Scientists from the Department of Obstetrics and Gynecology at Maastricht University Medical Centre and the University Medical Centre St. Radboud, both in the Netherlands, based their findings on a study of 100 healthy pregnant women and their fetuses with the help of some gentle but precise sensory stimulation.
On five occasions during the last eight weeks of their pregnancies, the women received a series of one-second buzzes on their bellies with a "fetal vibroacoustic stimulator," a hand-held diagnostic device used to gauge an unborn baby's heart rate and general well-being.
The baby's responses - primarily eye, mouth and body movements - were closely monitored over the weeks with ultrasound imaging to gauge "fetal learning" patterns. The researchers found that the babies acclimated themselves to the sounds and vibrations to the point that they no longer bothered to respond - a process known as "habituation."
"The stimulus is then accepted as 'safe' " by the babies, the study said.
The team also found that the tiny test subjects actually improved these skills as they grew older, with those who were 34- or 36-weeks old clearly showing that they had become familiar with the hum outside the womb.
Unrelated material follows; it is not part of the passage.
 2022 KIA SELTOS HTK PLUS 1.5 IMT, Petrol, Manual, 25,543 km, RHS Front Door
"The fetus 'remembers' the stimulus and the number of stimuli needed for the fetus to habituate is then much smaller," the study said.
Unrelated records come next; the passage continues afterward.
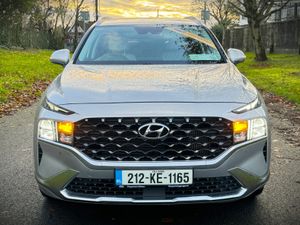 SANTA Fe 4WD Executive Plus  1.6 PHEV - 2021 - Image 2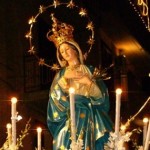 immacolata
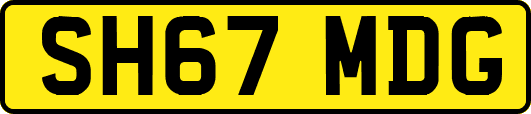 SH67MDG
"It seems like every day we find out marvelous new things about the development of unborn children. We hope that this latest information helps people realize more clearly that the unborn are members of the human family with amazing capabilities and capacities like these built in from the moment of conception," said Randall K. O'Bannon, director of education and research for the National Right to Life Educational Trust Fund.
A call to NARAL Pro-Choice America for comment on the implications of the research were not returned.
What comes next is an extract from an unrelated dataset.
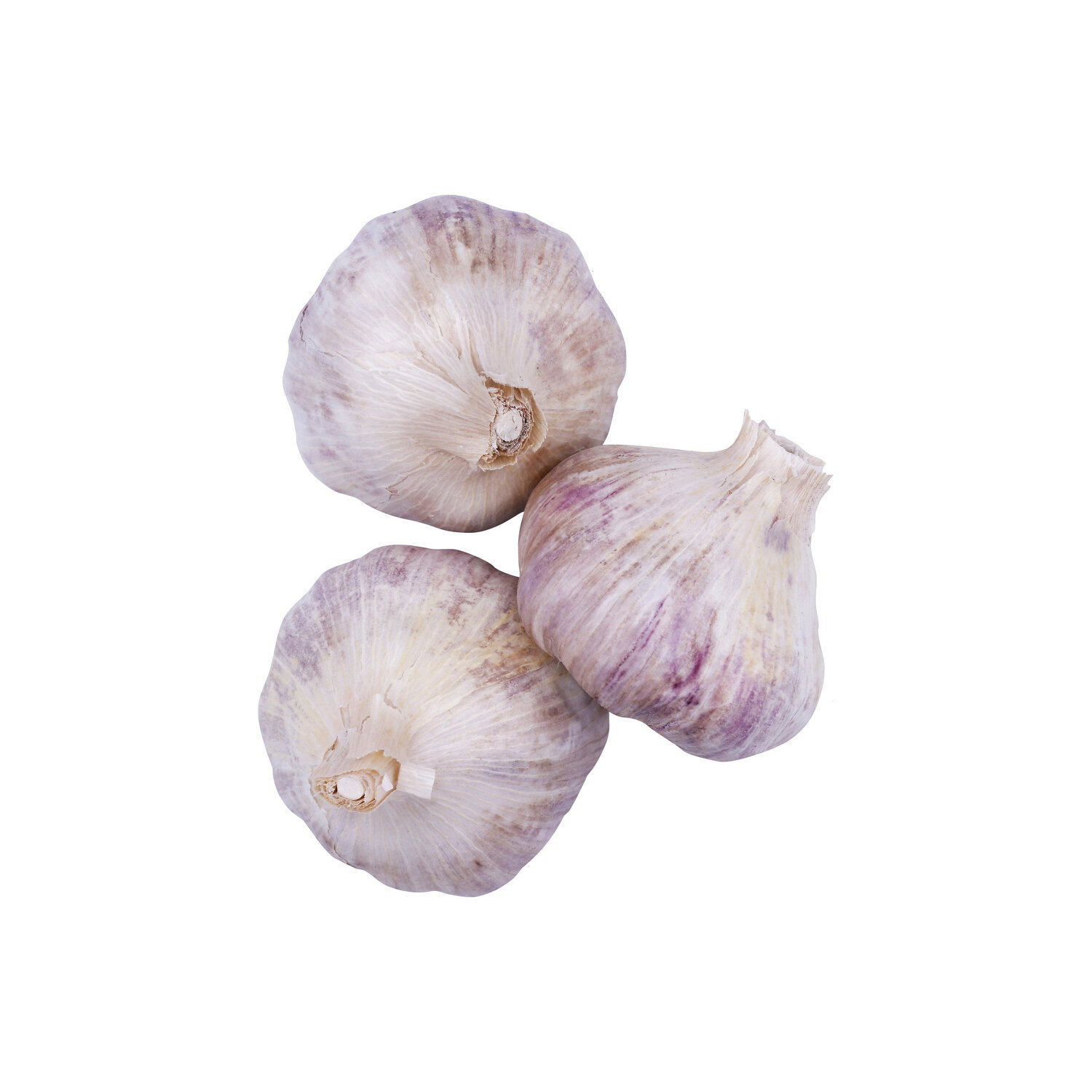 Organic Garlic - 2 Count Image 1 of 2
The Dutch medical team, meanwhile, said its findings could help obstetricians track the healthy development of unborn babies during pregnancy. The research was published in Child Development, a medical journal.
Scientists have been curious about fetal responses to sound for decades.
The first real study of "habituation" occurred in 1925 when researchers discovered that fetuses moved less when exposed to a beeping car horn. Since then, door buzzers and even electric toothbrushes have been used to help researchers understand the fetal environment - and the response of the unborn to such influences.
Beeps and buzzes were not always the tools of choice.
In 2003, psychologists and obstetricians at Queen's University in Canada found a profound mother-baby link. In a study of 60 pregnant women, they found that the unborn babies preferred the voices of their own mothers - both before and after birth.
The heart rates of fetuses sped up when they heard their mother reading a poem, and slowed down when they heard a stranger's voice - evidence of "sustained attention, memory and learning by the fetus," said Barbara Kisilevsky, a professor of nursing who led the research.
The Queen's group has also investigated fetal response to the father's voice, concluding that if men try a little pre-natal vocalizing to their offspring, the newborn will later recognize the father's voice.